Anton Chekhov's greatest plays, from Uncle Vanya to The Seagull

Zoe Paskett
Charlie Gray

“Have a look at yourselves and see how bad and dreary your lives are!”

No one sums up Anton Chekhov’s work better than the man himself. The Russian playwright and short story artiste is regarded now as one of the greatest pioneers of psychological realism.

Chekhov is never far from the London stage. With themes of dissatisfaction, missed opportunities and the meaninglessness of life, it’s just so damn relatable.

Next up, Ian Rickson directs a new adaptation of Uncle Vanya in the West End, so we have rounded up five of the playwrights greatest theatrical works.

Uncle Vanya

(Seamus Ryan)

Uncle Vanya is a reworking of a play already published a decade before. The Wood Demon was not well received, so Chekhov returned to his script to cut the character list in half, merge some of the more confusing plotlines and get shot of any happy endings (textbook Chekhov). Under the direction of Konstantin Staislavski, Uncle Vanya came to be a permanent fixture on the Moscow stage. Sonya, her uncle Vanya and Doctor Astrov live a mundane life in the countryside. The two men contemplate the futility of existence and the unrequited love of the same woman, the new wife of Professor Serebryakov, whose arrival brings up long-repressed emotions.

Toby Jones takes the title role in the latest staging of this play, with Richard Armitage playing Astrov in Conor McPherson’s adaptation in the West End.
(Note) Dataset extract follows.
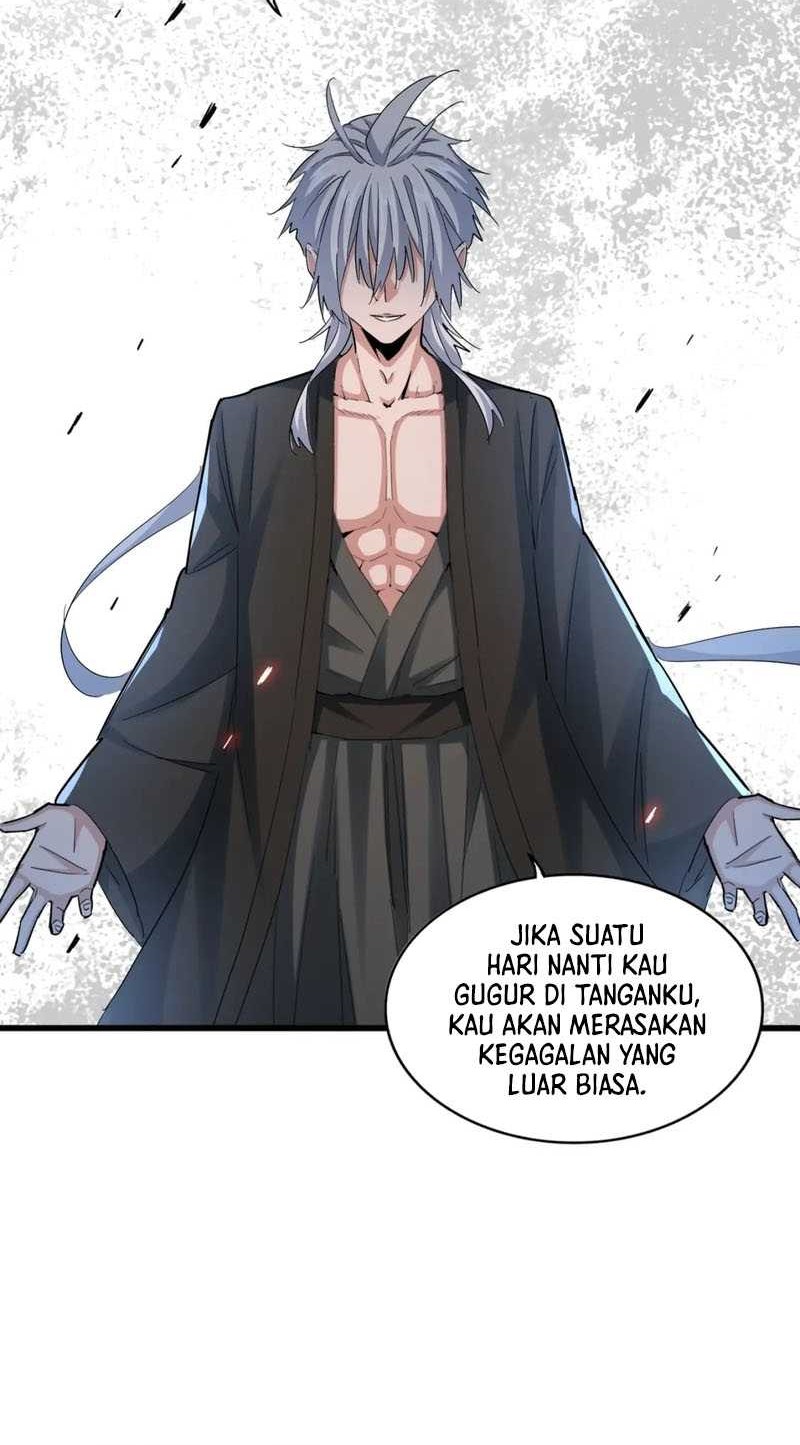 Magic Emperor Chapter 383 page 21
Buy tickets for Uncle Vanya with GO London

Three Sisters

The three sisters in question are Olga, Masha and Irina Prozorov, who have moved to the countryside but obsess over their dream of returning to Moscow. Over the course of the play, all three women, dissatisfied with their lives (familiar theme?), look for ways to make themselves happy but ultimately fail. As is Chekhov’s way, the moments of action take place off-stage, leaving the audience to witness the fallout of various catastrophic events and the emotions they bring. Unsurprisingly, at the end of the play, everyone is in a worse off place than when they started.

We’ve seen a whole slew of sisters treading the London boards over the past year. Rebecca Frecknall directed a version at the Almeida in April, followed by The Maly Drama Theatre of St. Petersburg taking to the West End. The National Theatre transposed the story to 1960s Nigeria in Inua Ellams’ interpretation.

The Seagull

(Charlie Gray)

Who better to describe The Seagull than the man himself? “It's a comedy, there are three women's parts, six men's, four acts, landscapes (view over a lake); a great deal of conversation about literature, little action, tons of love.”

Opening night of The Seagull in 1896 was a complete failure. The audience was hostile, the lead actress lost her voice and Chekhov removed himself from the auditorium and went backstage for the last two acts so he didn’t have to watch it. When the play later became a success, he refused to believe people who told him of its triumph, thinking they were just being nice. The Seagull’s rise under the direction of Stanislavski, who transformed it into a tragedy, saw the play dubbed one of the greatest events in Russian theatre history.

An aspiring writer, a successful writer, an actress and a bored young woman consider hopes and broken dreams in an isolated country estate. Emilia Clarke will make her West End debut as Nina in a modernisation of the play by Anya Reiss, and directed by Jamie Lloyd.

Buy tickets for The Seagull with GO London

Ivanov

Middle aged-men feeling like they’d thrown their lives away is a common theme for the playwright, and here’s another one. Ivanov is in the earlier half of his output and the first of his plays to be professionally produced. Commissioned to write a comedy, Chekhov instead responded with a drama, which took only ten days to write. (He did have to subsequently rewrite it after absolutely hating its first outing, but still – ten days!)

Self-loathing and negligent office worker Ivanov is in a huge amount of debt, spiralling out of control of his own life and coping with a dying wife, while having a mid-life crisis. "I do nothing and think about nothing, but I am tired body and soul," he laments, so he runs away to party with the people to whom he owes money.

The Cherry Orchard

(Alexander Bakshy)

Chekhov’s final play, first produced just months before he died from tuberculosis, was much more difficult to write. Incapacitated by illness, he could only write one or two lines a day. It tells of an aristocratic woman who returns home prior to its auction to a former peasant. The title refers to a cherry orchard, at risk of being cut down after the house is sold, which represents the cultural change in Russia at the time: the rise of the middle class and the fall of the aristocracy.

Director Stanislavski – once again – turned the premiere production from a comedy into a tragedy, this time much to the playwright’s chagrin. He said in a letter that Stanislavski had “ruined” his play: "Anya, I fear, should not have any sort of tearful tone... Not once does my Anya cry, nowhere do I speak of a tearful tone, in the second act there are tears in their eyes, but the tone is happy, lively.” It has been staged successfully as both in the years since.